** Entries provided follows **
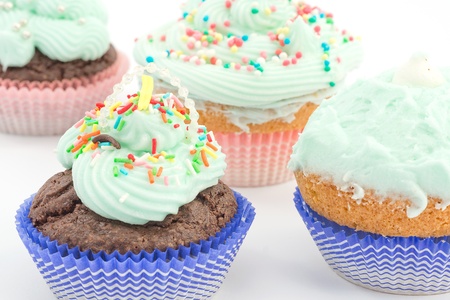 cupcakes with butter creamの写真素材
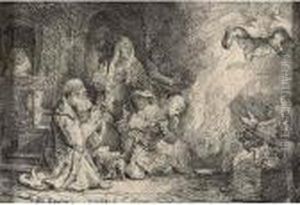 The Angel Departing From The Family Of Tobias by Harmenszoon van Rijn Rembrandt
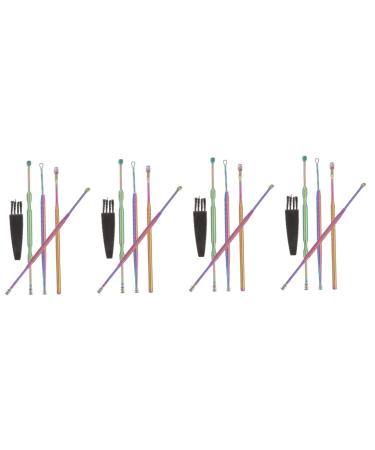 ULTECHNOVO Ear Cleaning Tool Cleaning Tools 4 Sets Ear Cleaning Set of 5 Ear Spoon Stainless Steel Plastic Ear Cleaning Kit Cleaning Brushes As Shownx4pcs 14.5x3CMx4pcs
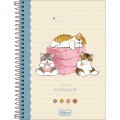 Foto ilustrativa Caderno Espiral Capa Dura 1/4 Mofusand 80 folhas.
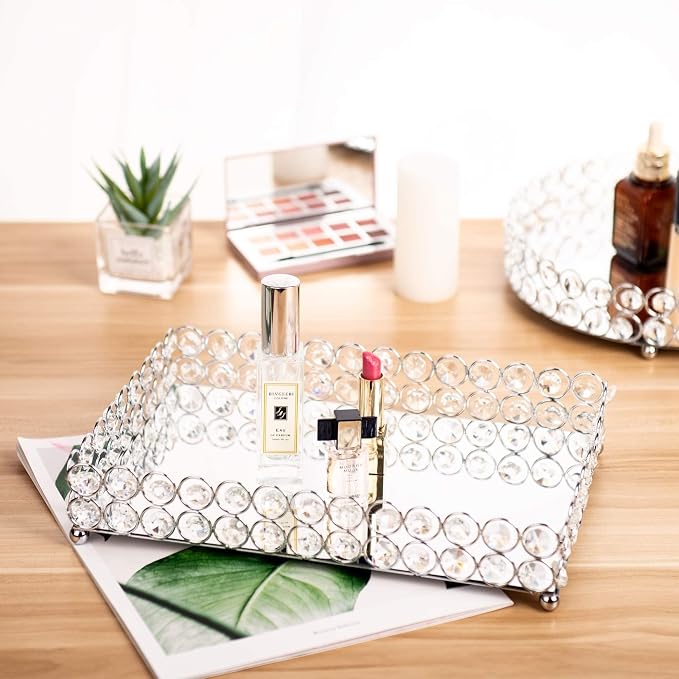 Feyarl Crystal Vanity Makeup Perfume Tray Ornate Jewelry Trinket Organizer Cosmetic Decorative Tray Skin Care Storage for Home Dressing Table Wedding Decoration(Rectangle 12" x 8")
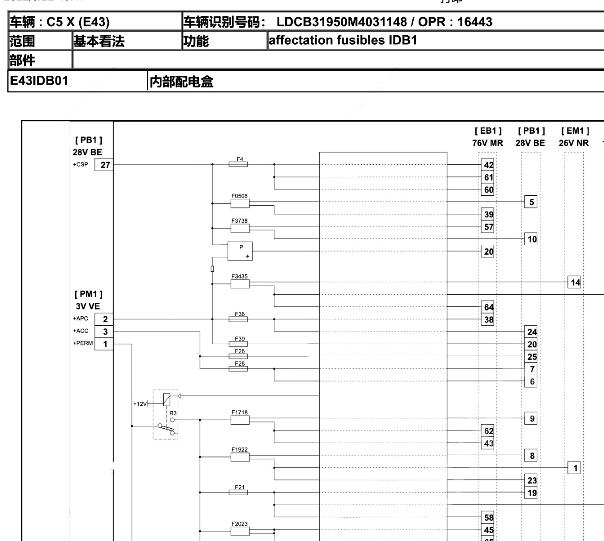 2022年雪铁龙C5X座椅天窗线路图及保险丝位置图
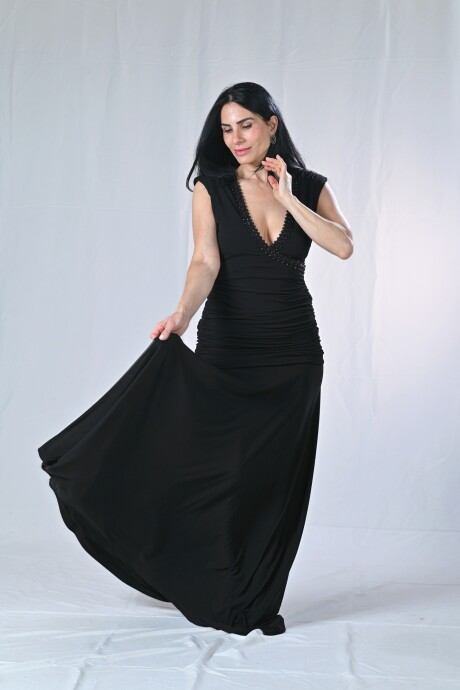 Vestido largo bordado con escote Uma Negro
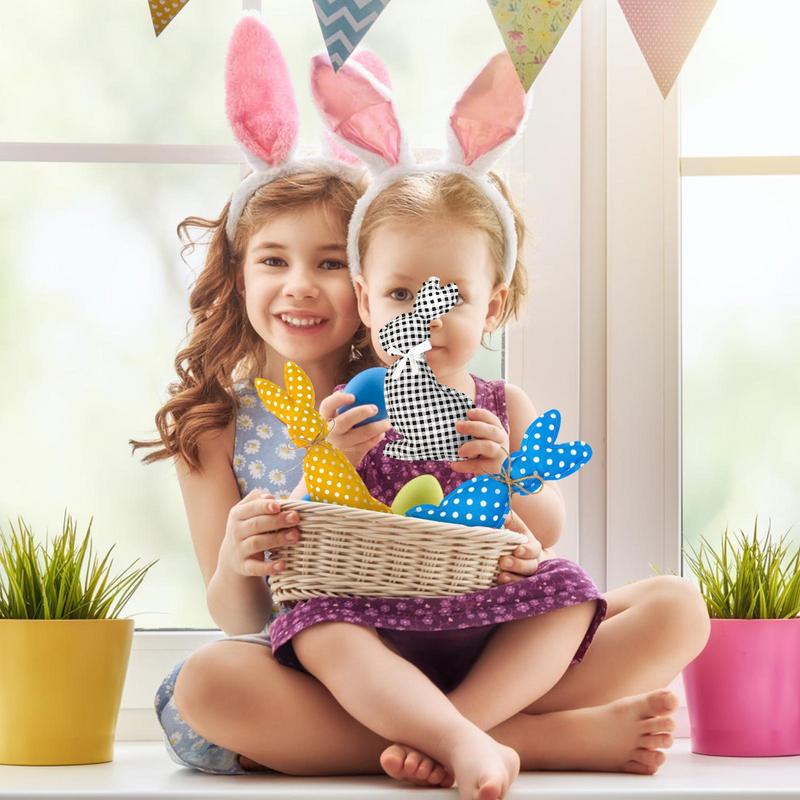 

Stuffed Fabric Rabbit 3-Piece Spring Bunny Ornament Rustic Holiday Centerpiece Easter Spring Rabbit Ornament Basket Stuffer For China Mainland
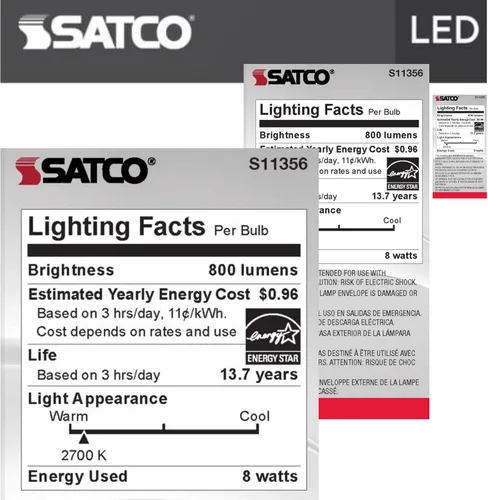 Vista 9 de Satco Bombilla LED A19 de 8 W, 2700 K, blanco suave, 800 lúmenes, base media E26, regulable, haz de 320 grados, accesorio cerrado nominal de 120 V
** End of Entries provided **
▶ Try it: Retype the data shown above exactly, excluding any picture it contains.

▶ Solved problem:
 cupcakes with butter creamの写真素材
 The Angel Departing From The Family Of Tobias by Harmenszoon van Rijn Rembrandt
 ULTECHNOVO Ear Cleaning Tool Cleaning Tools 4 Sets Ear Cleaning Set of 5 Ear Spoon Stainless Steel Plastic Ear Cleaning Kit Cleaning Brushes As Shownx4pcs 14.5x3CMx4pcs
 Foto ilustrativa Caderno Espiral Capa Dura 1/4 Mofusand 80 folhas.
 Feyarl Crystal Vanity Makeup Perfume Tray Ornate Jewelry Trinket Organizer Cosmetic Decorative Tray Skin Care Storage for Home Dressing Table Wedding Decoration(Rectangle 12" x 8")
 2022年雪铁龙C5X座椅天窗线路图及保险丝位置图
 Vestido largo bordado con escote Uma Negro

Stuffed Fabric Rabbit 3-Piece Spring Bunny Ornament Rustic Holiday Centerpiece Easter Spring Rabbit Ornament Basket Stuffer For China Mainland
 Vista 9 de Satco Bombilla LED A19 de 8 W, 2700 K, blanco suave, 800 lúmenes, base media E26, regulable, haz de 320 grados, accesorio cerrado nominal de 120 V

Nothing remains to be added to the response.